Action item: For the material below, return exactly the lines starting at the line containing "Gorgeous Blonde Milf's" and ending at the line containing "College Baseball 03/10/2026", both ends included, and no others.

Input:
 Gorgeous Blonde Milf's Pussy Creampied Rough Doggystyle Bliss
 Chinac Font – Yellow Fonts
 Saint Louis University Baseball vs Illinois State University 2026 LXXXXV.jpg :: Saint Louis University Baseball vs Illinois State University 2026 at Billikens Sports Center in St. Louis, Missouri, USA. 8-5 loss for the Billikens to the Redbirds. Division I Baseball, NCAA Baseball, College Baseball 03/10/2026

...

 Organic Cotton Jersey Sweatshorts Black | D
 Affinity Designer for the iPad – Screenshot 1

...

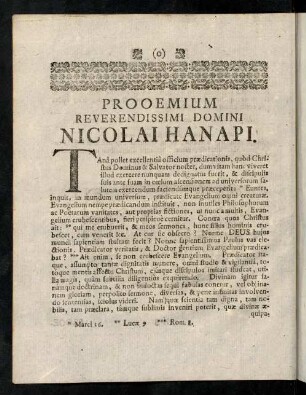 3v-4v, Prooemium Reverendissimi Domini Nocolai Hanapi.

Task solution:
 Gorgeous Blonde Milf's Pussy Creampied Rough Doggystyle Bliss
 Chinac Font – Yellow Fonts
 Saint Louis University Baseball vs Illinois State University 2026 LXXXXV.jpg :: Saint Louis University Baseball vs Illinois State University 2026 at Billikens Sports Center in St. Louis, Missouri, USA. 8-5 loss for the Billikens to the Redbirds. Division I Baseball, NCAA Baseball, College Baseball 03/10/2026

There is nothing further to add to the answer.